In earlier years, board elections were competitive elections, with both board-nominated and self-nominated petition candidates. In recent years, REI eliminated the opportunity for petition candidates and has nominated only as many candidates as open positions. Members are mailed a ballot, and nominees must garner 50% of returned ballots; members may also vote online. While theoretically the board serves at the members' pleasure, there is no path to board membership without the approval of the board nomination and governance committee, and the incumbent board has the right to fill by appointment any board seats not filled by election.

For 2014, its chief executive officer received compensation of approximately $2.71 million.

==Labor==
REI employed over 15,000 people as of January 2022, most of them in its stores, many of whom are part-time. Employees receive discounts on merchandise, may be eligible for free or discounted outdoor classes, and also receive a "Way day" pass, entitling them to spend up to 6 hours outdoors for pay.

REI has been ranked in the top 100 Companies to Work For in the United States by Fortune since 1985, which earned it a place in the Fortune "Hall of Fame." REI ranked as #8 in 2012, #69 in 2014, #58 in 2015, #26 in 2016, and #28 in 2017.
=== Labor organizing and criticism ===

Since 2016, REI workers have been publicly organizing around workplace issues such as living wages, erratic and insufficient scheduling, access to benefits like healthcare, and safety protocols.
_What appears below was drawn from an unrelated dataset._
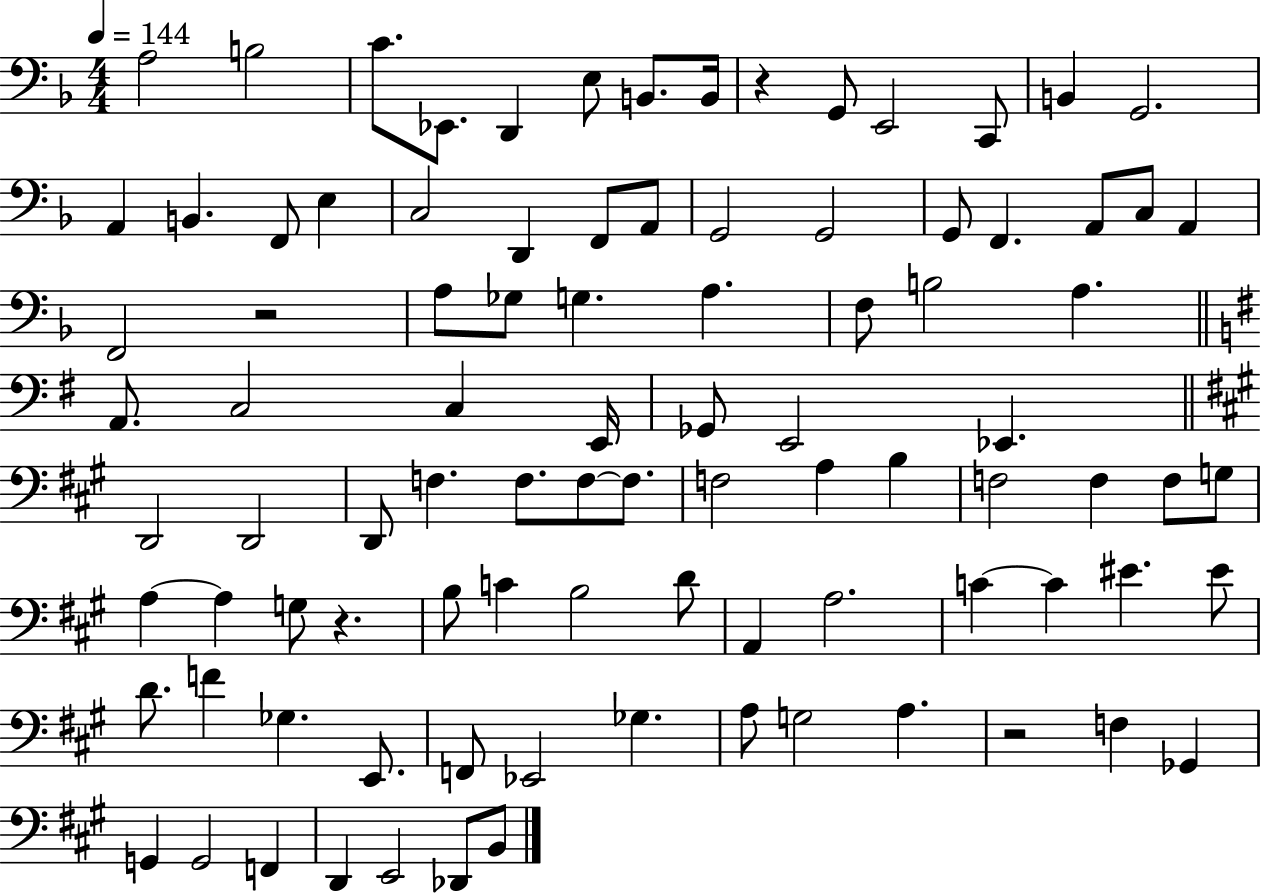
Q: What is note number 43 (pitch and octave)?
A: Eb2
The company has been accused of union busting by forcing employees to attend captive audience meetings, putting up anti-union flyers, and using "social justice language" and its status as a retail cooperative to mislead the public into believing it is a worker cooperative.

In January 2022, the SoHo, Manhattan location filed REI's first-ever National Labor Relations Board petition to vote to become a union. In March of that year, the SoHo-based workers voted overwhelmingly in favor of unionization with the Retail, Wholesale, and Department Store Union (RWDSU) by a vote of 88-14.

In March 2023, REI workers in Orange, Ohio, voted to unionize by a vote of 27-12. The following month, the Eugene, Oregon, location filed a petition for union elections with the National Labor Relations Board. In May, the company's Durham, North Carolina, store workers voted 20-12 to unionize with the United Food and Commercial Workers International Union, after a four-day strike precipitated by the co-op's alleged retaliation against a union organizer. Durham thus became the sixth REI store to unionize. In November 2023, workers at eight REI retail stores accused the company of dozens of violations of federal labor law, including retaliating against pro-union workers, altering working conditions without union consultation, and refusing to bargain in good faith with unions at stores that had voted in favor of unionization.

In March 2026, HuffPost reported that unionized workers approved a vote to launch a customer boycott against the business during its annual anniversary sale event.

In July 2026, REI announced that the SoHo, Manhattan location would close in October, with all employees being laid off. In the four years since the unionization vote in 2022, the company and the workers could not agree on a new contract.

== Environmental and community initiatives ==
To support local communities, REI offers meeting space free of charge to non-profit organizations, supports conservation efforts, and organizes yearly outdoor service outings. REI donates annually to conservation groups in the US. Its 2007 giving of $3.7 million represented about 0.28% of its $1.3 billion in gross sales.